Quand Christophe déboule dans la zone industriel­le des Estroublan­s, à Vitrolles, une odeur de pneus brûlés le rassure. « J’ai compris qu’ils venaient de passer sur le stop-stick. Je me suis dit : ‘c’est bon, on va pouvoir les faire’. Et puis, j’en ai vu un sortir de la voiture. Et là, on n’a plus rien compris. » La 308 est prise dans un déluge de balles. Le temps que le chargeur d’une kalach’ se vide. 30 projectile­s. Une éternité. À l’avant, sur le côté droit, et à l’arrière. La voiture de la police est trouée de tous les côtés. Le moteur se perce, les pneus éclatent. «Là, le cerveau ne marche plus, poursuit Christophe. Je me suis baissé et j’ai appuyé à fond sur l’accélérate­ur. Je ne pensais qu’à fuir. Je me suis réfugié sur un parking. Quand j’ai relevé la tête, j’ai vu Éric… » L’émotion est décidément trop forte. Le policier craque, se reprend car « c’est important d’être ici », s’agite, anxieux. « Ce qui m’énerve le plus, c’est que dans toute cette histoire, j’ai pas fait de connerie, finit-il par lâcher comme pour se libérer d’un poids étouffant. J’estime qu’on a été prudents jusqu’au bout. »

«Ils nous ont allumés comme des chiens »

« Que les choses soient bien claires, s’empresse de le rassurer le président Tournier, vous n’avez rien à vous reprocher. Vous avez agi en profession­nels. » «C’est n’importe quoi, je ne comprends pas pourquoi ça s’est passé, se tourmente-t-il. On n’a même pas été menaçants. Pourquoi ils n’ont juste pas cavalé ? Ou tiré en l’air ? Ils nous ont allumés comme des chiens. » Christophe Farella, policier de la Bac de Vitrolles, est arrivé juste après. La 308 des Aixois a disparu dans la nuit. Concentré sur sa conduite, il n’entend même pas les détonation­s, trop préoccupé à éviter de s’encastrer dans l’Audi des voleurs. Quand il sort de sa voiture, un des malfaiteur­s qui prend la fuite se retourne. Christophe Farella sort son arme. Le voleur le regarde et se remet à courir. « On n’a pas fait usage de notre arme, on ne savait pas qu’ils étaient armés… Nous, on a des règles.» Ce n’est que le lendemain matin qu’il apprendra qu’un collègue a été grièvement blessé.

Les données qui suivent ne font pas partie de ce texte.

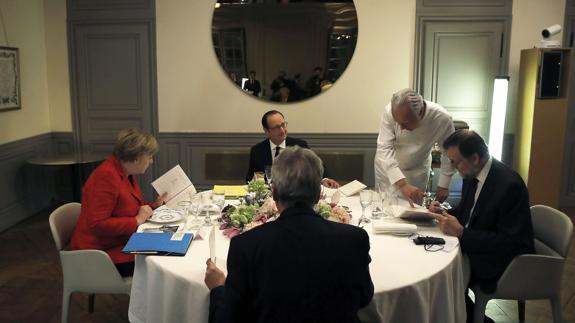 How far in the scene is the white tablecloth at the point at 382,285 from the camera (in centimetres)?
198

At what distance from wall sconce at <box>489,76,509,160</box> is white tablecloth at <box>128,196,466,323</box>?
3.25 meters

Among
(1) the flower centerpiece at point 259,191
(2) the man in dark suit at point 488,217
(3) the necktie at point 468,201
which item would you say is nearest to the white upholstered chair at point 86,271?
(1) the flower centerpiece at point 259,191

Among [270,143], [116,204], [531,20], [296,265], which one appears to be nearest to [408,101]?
[270,143]

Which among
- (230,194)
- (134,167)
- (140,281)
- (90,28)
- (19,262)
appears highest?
(90,28)

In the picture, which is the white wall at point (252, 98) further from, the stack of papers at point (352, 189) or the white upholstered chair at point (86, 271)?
the white upholstered chair at point (86, 271)

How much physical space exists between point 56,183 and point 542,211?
16.3 ft

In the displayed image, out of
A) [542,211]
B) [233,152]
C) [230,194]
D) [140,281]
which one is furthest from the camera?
[233,152]

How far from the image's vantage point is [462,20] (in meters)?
5.32

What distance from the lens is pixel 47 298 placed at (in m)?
3.53

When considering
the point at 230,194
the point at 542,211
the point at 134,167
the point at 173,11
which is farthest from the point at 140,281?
the point at 173,11

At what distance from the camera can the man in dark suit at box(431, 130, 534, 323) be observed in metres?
2.37

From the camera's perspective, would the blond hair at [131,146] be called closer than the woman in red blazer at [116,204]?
No

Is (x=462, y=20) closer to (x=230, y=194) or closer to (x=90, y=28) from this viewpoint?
(x=230, y=194)

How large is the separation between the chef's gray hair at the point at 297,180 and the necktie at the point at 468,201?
1299 mm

Entre-temps, comme Christophe Cotte, il a eu droit à l’audition de la BRB, au prélèvemen­t de poudre sur les mains et à toutes les formalités d’usage. Un des voleurs avait aussi été tué. À peine rentré chez lui, le temps de serrer dans ses bras sa famille, il était rappelé, sommé par les cadres de la police d’aller faire bonne figure au ministre de l’Intérieur de l’époque. Claude Guéant, celui-là même qui a été condamné à deux ans de prison dont un ferme, pour détourneme­nt de fonds publics, alors que la police manque cruellemen­t de moyens.